> [Available data]:
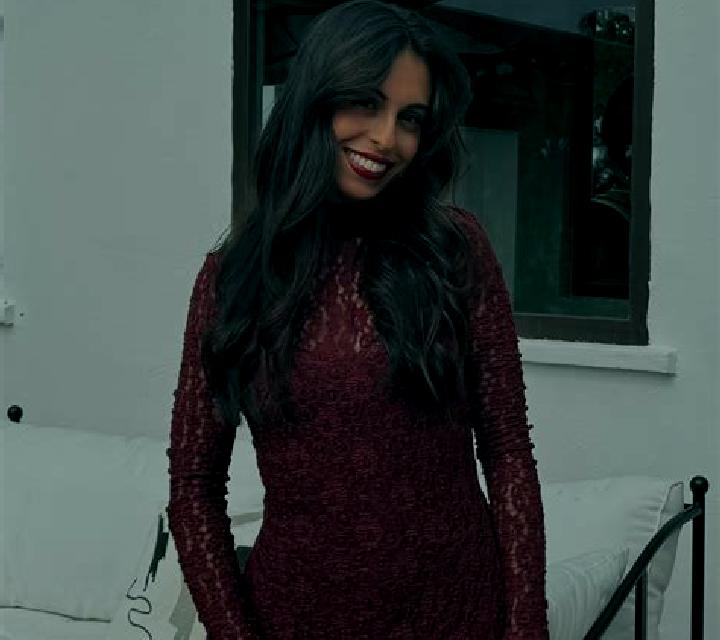 Constanza 2 Pinto escort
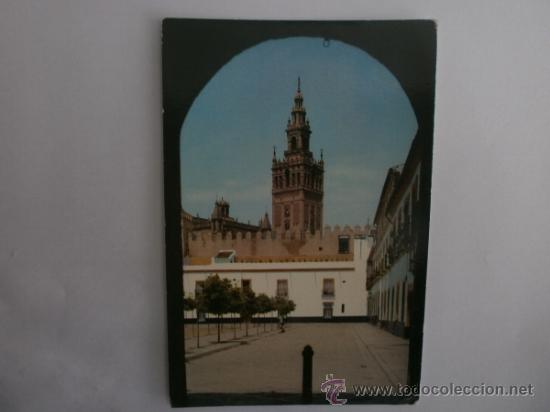 Postales: SEVILLA. - Foto 1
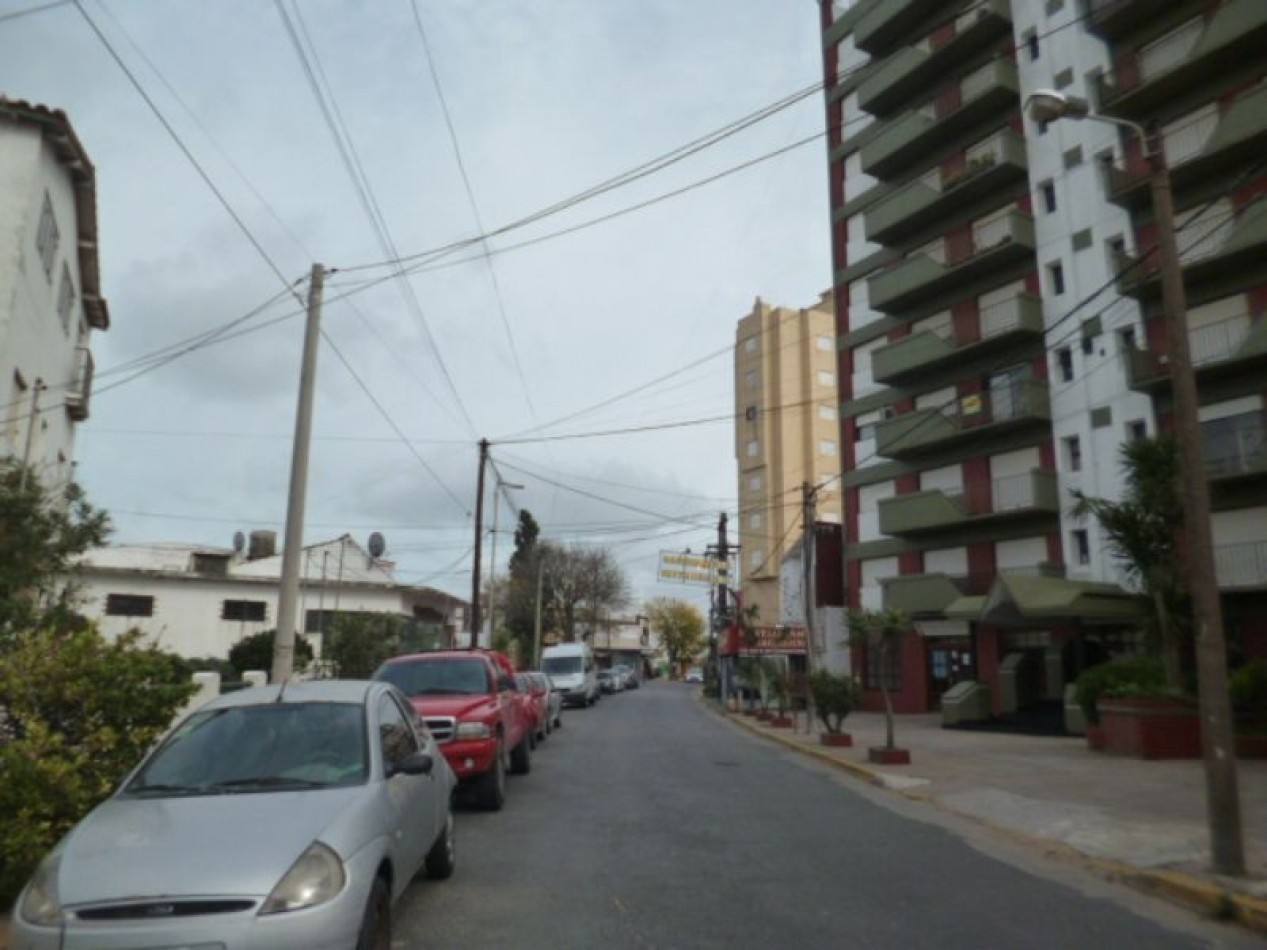 Departamento 3 Ambientes en Venta, Edificio ex Museo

> [Exercise aim]: Reproduce the lines of the listing exactly, starting at the one that contains "Postales: SEVILLA. - Foto 1" and continuing through the final line, but leave out the pictures.

> [Exercise response]:
 Postales: SEVILLA. - Foto 1
 Departamento 3 Ambientes en Venta, Edificio ex Museo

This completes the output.